Artisan de négociations menées depuis 19 mois à Cuba avec la guérilla des Forces armées révolutionnaires de Colombie (Farc), M. Santos a obtenu 50,93% des voix, contre 45,02% pour Oscar Ivan Zuluaga, virulent opposant à ces pourparlers, selon un décompte définitif comptabilisant le reste des votes en blanc.

«Ce qui était en jeu n'était pas le nom d'un candidat mais le cap d'un pays», a lancé le président sortant. «Ce ne sera pas une paix avec impunité, ce sera une paix juste. Nous aurons des moments difficiles pour garantir qu'elle soit non seulement juste mais durable», a-t-il ajouté.

«Paix, la Colombie veut la paix!», lui ont répondu plusieurs centaines de sympathisants, réunis au siège de campagne à Bogota, où nombre d'entre eux avaient dessiné le mot «paix» sur la paume de leur main, d'autres arborant une colombe de la paix en papier sur leurs vêtements.

Au pouvoir depuis 2010, M. Santos, un dirigeant de centre droit de 62 ans, issu d'une grande famille de la politique, avait fait d'un accord de paix rapide son unique slogan de campagne, d'un pays où la pauvreté touche encore près du tiers des 47 millions d'habitants, malgré une croissance supérieure à 4%.

Cette victoire permet aussi au président réélu de lancer désormais le dialogue récemment rendu public avec l'Armée de libération nationale (ELN).

Son gouvernement, qui avait conservé en mars dernier une majorité relative au parlement, a désormais la voie libre pour mener à terme les négociations de paix avec les Farc et l'ELN, les dernières guérillas en activité en Colombie et les plus anciennes d'Amérique latine, avec respectivement 8000 et 2500 combattants selon les autorités.

 «Plus jamais de Farc!» 

«Avec ce résultat, Santos obtient une victoire avec une marge pas si étroite, qui va lui permettre de gouverner de manière commode», a estimé le politologue Fernando Giraldo, enseignant à l'université Javeriana, interrogé par l'AFP.

Partisan de plus de fermeté, le candidat de l'opposition, qui incarnait le scepticisme à l'égard des pourparlers avec les rebelles, n'a pas réussi à convaincre de la nécessité d'imposer aux Farc des conditions pour les négociations qui se déroulent sans cessez-le-feu.
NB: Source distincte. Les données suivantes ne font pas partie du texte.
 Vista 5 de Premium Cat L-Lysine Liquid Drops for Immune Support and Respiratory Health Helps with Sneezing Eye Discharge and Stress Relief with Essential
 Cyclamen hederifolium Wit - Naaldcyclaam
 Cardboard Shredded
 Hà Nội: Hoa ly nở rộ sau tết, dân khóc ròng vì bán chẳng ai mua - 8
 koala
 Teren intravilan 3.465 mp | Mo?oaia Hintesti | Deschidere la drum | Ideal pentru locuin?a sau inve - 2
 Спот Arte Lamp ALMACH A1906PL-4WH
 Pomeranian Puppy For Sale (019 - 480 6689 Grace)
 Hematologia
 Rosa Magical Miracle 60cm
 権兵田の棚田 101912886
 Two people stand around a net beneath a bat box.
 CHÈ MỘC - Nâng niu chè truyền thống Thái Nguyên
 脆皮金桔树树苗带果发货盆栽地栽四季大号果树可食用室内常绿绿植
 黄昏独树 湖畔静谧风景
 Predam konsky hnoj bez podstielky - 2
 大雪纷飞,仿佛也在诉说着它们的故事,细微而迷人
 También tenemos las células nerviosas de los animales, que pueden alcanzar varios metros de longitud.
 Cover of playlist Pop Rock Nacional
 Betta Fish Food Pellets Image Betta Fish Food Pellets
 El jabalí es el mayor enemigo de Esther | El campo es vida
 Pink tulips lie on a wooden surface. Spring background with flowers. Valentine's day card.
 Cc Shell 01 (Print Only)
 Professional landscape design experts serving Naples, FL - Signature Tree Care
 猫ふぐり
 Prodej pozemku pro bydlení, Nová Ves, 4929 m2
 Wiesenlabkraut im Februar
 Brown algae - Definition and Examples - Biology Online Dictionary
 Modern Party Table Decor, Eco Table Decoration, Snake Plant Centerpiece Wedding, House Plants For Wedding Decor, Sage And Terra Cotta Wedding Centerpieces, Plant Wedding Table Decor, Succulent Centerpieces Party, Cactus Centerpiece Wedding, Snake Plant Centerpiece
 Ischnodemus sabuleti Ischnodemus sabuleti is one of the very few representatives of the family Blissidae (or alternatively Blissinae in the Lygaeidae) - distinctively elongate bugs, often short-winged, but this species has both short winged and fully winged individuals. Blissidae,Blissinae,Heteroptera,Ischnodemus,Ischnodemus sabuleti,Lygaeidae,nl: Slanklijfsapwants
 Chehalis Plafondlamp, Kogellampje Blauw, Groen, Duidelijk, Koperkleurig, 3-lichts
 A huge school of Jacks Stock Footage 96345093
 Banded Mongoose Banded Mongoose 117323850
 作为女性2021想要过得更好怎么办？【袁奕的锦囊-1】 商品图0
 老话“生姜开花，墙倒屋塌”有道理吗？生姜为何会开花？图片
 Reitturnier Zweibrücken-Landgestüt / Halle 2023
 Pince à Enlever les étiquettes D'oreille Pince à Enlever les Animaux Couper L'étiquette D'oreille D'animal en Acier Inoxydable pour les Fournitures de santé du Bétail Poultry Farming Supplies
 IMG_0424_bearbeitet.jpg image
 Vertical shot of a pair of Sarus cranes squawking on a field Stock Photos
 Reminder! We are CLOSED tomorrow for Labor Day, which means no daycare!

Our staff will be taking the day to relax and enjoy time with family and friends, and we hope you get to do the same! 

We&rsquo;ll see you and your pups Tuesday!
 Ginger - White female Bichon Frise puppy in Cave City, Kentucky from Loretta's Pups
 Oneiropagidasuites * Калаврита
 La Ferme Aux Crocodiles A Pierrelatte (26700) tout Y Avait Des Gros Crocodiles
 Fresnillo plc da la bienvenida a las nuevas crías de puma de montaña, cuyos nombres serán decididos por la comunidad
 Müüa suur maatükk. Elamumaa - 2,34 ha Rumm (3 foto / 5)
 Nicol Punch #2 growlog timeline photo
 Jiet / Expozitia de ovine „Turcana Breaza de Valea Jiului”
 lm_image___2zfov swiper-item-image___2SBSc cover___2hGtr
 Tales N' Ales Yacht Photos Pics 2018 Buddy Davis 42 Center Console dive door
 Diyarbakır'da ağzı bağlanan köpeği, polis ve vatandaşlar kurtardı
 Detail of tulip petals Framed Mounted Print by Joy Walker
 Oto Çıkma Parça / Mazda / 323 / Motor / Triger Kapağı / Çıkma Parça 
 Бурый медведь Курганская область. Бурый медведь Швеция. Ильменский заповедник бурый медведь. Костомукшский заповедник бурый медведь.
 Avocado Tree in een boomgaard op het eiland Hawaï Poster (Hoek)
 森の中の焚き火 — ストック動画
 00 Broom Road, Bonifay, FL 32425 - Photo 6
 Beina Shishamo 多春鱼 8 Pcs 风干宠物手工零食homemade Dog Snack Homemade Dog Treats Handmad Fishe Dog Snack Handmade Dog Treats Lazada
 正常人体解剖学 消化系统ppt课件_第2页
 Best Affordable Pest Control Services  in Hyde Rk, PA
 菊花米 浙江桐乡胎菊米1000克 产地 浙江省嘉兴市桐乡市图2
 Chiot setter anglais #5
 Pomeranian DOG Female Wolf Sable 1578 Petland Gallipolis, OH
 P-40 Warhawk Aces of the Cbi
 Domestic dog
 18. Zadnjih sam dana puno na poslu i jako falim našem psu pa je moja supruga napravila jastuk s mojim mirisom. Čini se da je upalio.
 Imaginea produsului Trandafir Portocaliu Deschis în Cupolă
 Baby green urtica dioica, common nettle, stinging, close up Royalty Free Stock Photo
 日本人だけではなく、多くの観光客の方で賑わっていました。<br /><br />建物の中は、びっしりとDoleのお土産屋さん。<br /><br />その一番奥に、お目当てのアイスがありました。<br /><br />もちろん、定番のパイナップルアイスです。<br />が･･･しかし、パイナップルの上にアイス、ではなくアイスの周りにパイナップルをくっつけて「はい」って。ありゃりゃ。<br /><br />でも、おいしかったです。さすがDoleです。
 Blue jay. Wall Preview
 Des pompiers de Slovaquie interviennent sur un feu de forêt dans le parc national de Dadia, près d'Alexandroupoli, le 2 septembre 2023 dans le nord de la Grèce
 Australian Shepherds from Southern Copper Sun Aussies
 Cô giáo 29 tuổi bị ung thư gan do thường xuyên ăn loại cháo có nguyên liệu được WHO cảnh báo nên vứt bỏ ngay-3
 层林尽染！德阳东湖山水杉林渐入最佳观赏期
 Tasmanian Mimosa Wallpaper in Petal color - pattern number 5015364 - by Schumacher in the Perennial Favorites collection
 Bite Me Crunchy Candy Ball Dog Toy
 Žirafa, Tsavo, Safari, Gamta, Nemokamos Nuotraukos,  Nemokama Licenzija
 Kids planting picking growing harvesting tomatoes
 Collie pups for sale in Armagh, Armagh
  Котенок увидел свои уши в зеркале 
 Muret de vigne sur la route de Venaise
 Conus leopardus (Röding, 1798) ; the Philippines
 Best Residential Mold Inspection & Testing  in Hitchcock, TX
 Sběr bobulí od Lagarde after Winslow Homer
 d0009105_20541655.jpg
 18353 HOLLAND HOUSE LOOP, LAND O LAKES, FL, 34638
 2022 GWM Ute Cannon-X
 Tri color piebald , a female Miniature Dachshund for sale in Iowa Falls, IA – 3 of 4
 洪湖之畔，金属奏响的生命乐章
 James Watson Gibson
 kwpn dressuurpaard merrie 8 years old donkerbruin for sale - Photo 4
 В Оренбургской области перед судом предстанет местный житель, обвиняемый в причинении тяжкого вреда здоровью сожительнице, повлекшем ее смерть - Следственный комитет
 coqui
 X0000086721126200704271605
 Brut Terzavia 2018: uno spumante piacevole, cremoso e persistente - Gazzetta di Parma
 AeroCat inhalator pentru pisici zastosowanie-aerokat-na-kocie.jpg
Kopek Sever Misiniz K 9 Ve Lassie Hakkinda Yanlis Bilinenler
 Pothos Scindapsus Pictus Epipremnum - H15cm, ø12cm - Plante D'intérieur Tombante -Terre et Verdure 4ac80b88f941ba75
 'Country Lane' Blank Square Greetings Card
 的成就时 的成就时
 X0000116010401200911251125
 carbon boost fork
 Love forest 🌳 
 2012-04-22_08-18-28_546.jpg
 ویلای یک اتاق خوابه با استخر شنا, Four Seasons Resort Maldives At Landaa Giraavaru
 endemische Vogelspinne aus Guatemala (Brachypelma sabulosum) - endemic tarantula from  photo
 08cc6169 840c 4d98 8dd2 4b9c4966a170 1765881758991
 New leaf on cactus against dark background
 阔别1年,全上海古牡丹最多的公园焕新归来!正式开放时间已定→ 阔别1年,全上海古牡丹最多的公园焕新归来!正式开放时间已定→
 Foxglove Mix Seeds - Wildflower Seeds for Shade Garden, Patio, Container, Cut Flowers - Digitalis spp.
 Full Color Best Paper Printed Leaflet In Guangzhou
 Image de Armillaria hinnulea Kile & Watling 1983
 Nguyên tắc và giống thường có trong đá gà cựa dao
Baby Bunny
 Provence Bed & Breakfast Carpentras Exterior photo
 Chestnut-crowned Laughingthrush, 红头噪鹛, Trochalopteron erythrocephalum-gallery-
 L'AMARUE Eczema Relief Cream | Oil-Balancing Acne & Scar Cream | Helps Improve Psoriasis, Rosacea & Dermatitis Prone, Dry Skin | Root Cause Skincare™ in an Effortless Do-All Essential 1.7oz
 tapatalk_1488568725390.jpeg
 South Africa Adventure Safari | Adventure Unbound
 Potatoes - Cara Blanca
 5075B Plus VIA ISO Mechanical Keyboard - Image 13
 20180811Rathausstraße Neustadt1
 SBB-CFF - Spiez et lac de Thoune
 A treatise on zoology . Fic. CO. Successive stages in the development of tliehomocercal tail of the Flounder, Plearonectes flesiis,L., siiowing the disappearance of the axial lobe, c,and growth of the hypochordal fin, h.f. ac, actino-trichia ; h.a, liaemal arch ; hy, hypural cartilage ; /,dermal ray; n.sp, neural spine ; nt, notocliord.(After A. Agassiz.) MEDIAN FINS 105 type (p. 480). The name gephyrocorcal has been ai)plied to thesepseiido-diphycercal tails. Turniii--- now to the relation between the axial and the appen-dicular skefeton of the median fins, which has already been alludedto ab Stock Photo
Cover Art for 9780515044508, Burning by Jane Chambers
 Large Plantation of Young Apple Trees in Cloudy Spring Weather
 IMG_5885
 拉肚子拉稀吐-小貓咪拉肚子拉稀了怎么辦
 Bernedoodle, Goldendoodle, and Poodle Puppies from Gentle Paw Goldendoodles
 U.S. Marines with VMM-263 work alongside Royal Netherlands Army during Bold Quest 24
«Je veux féliciter le président Santos, c'est cela la démocratie», a brièvement réagi cet économiste de 55 ans, qui avait prôné auparavant «une paix négociée, sans haine ni rancoeur». «Plus jamais de Farc, plus jamais de Farc!», ont scandé ses partisans dans son QG rapidement deserté.

Encore peu connu du grand public ces derniers mois, M. Zuluaga s'était taillé un franc succès avec le slogan «non à l'impunité». Un thème sensible en Colombie où le conflit entre guérillas, milices paramilitaires et bandes criminelles a fait plusieurs centaines de milliers de morts et entraîné le déplacement de cinq millions de personnes.

En cas de victoire, le candidat de l'opposition entendait «réviser» les accords déjà conclus à Cuba, notamment sur l'instauration d'une réforme rurale dans son pays où les Farc sont une guérilla issue d'une insurrection paysanne.

Protégé de l'ex-président conservateur et sénateur Alvaro Uribe, figure populaire pour sa guerre frontale contre les Farc entre 2002 et 2010, M. Zuluaga exigeait des rebelles une reddition d'ici à un mois et des peines de prison d'un minimum de six ans pour leurs chefs.

L'échec est aussi patent pour M. Uribe, qui accusait son prédecesseur et ancien ministre de la Défense de «traître» et avait encore clamé dimanche sa volonté d'«un pays en sécurité et en paix».